Regular readers of my posts (if there are any) will know that many bear only a faint connection with what might be termed ‘news’ or ‘the local area’. Sometimes I put these observations in the ‘Local News’ section and crowbar in a preface that suggests some relevance to either of these two criteria. On occasions, like with the story about the Cardinal Archbishop of Lima last week, no topical or geographical connection can really be found apart from kicking off with ‘and that reminds me of…’ This is, I admit, a bit feeble and also makes me sound like a bad ’70s comedian.
Encouraged by Penny I’m thus moving some of these things away from the fast-flowing river of local current affairs and into some calmer backwater where my musings can drift, probably unnoticed, on more sluggish tides.
This one is actually Penny’s fault as she drew my attention to the story. It concerns things which we see every day when we drive and which are particularly noticeable at night. They have saved countless lives. There are 500,000,000 of them in the UK alone. Can you guess what it is yet?
I’m talking about cat’s eyes, those shiny, bumpy things in the middle of most roads. (I’m not sure where the apostrophe should come. 500,000,000 of them need the metaphorical eyes of more than one cat; but as the inventor was inspired by seeing the eyes of a single cat caught in the gleam of his headlights when he was inadvertently driving on the wrong side of the road, we’ll settle for ‘cat’s’ and move on.)
Cat’s eyes have come into the news in the last few years for two reasons.
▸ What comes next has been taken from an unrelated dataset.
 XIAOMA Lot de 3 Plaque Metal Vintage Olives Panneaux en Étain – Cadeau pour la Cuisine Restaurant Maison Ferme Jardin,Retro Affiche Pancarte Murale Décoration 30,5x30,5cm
Firstly, in 2015, the government announced that it was prepared to look at the current legislation which demands that these ‘reflective road studs’ be used on roads. The argument is that there is now new technology available which could create studs that are not reflective – so breaking the law as it stands – but light-emitting, using LEDs charged by solar power. I haven’t looked up what has happened to this idea since but it seems unlikely that it will be given much parliamentary airtime as long as there are more important things like Brexit and the awarding of fat contracts for HS2 to deal with.
The cynic in me wonders how much it would cost to take up 500,000,000 cat’s eyes and replace them with LEDs. The sudden vision flashes before me, like a cat’s eye caught in the light, of all 500,000,000 being replaced and unveiled, whereupon it’s discovered they have all been put in upside down.
And what happens to the old ones? 500,000,000 is about eight for every man, woman and child in the country. What would you do with yours, assuming that was how they were disposed of?
The other threat to the traditional British cat’s eye emerged earlier this week. It seems that Norfolk Council had been doing repairs and put up a sign which read:
An American tourist driving past was horrified that the council had been removing eyes from cats and then, in a rather menacing way, boasting about this on roadside signs. The message could certainly be understood a number of ways by a foreigner, particularly when only seen for a couple of seconds.
The council might have been taken over by sadists – as she supposed – or by dogs. But that would be to ignore the ‘warning’ aspect: there’s a clear threat involved here. The cats have had it and it’s you next unless…unless you do what? The sign is silent on this. Or was this a reference to Norfolk Council’s ‘warning cats’, animals trained to alert the authorities to bad weather or nuclear attack, which had had their eyes removed? But by whom, and why? By the council, to increase the effectiveness of their other senses, or by some malign enemy? By any reading of the message, society was teetering on the brink of chaos.
Anyway, she complained. A couple of days later the council had replaced the signs with ones that read:
The ‘warning’ had been taken away, which was a improvement. The rest of it, however, only replaced one confusion with another, slightly less visceral, one. ‘Road studs’ might be the things that fix the road onto whatever is underneath the road. If these have now been removed, as the notices candidly admit, the whole carriageway could at any moment rear up like a sheet caught in the wind. The image is hardly likely to make for, as the Department of Transport might say in today’s parlance, ‘a safe and relaxing driving experience.’
Then I thought again. Road studs were, of course, those well-muscled Lotharios who hang around in lay-bys waiting for female motorists to break down – ‘Hello darling,’ they’d purr, ‘looks like your big end’s gone.’ And now the council has removed them – quite right too. But why because of this should we be urged to exercise ‘caution’? Surely we should be being encouraged to ‘rejoice’?
I find it quite quaint, and also quite alarming, that a district council should change its signs because of the sensibilities of a cat-loving tourist, cat-lover though I am myself. So, next time you’re driving in the USA and passing some roadworks, you might see signs warning you about the removal of Bott’s Dots, that being one of the names they give to cat’s eyes. If you do, make sure you go straight to the nearest council office and complain like hell.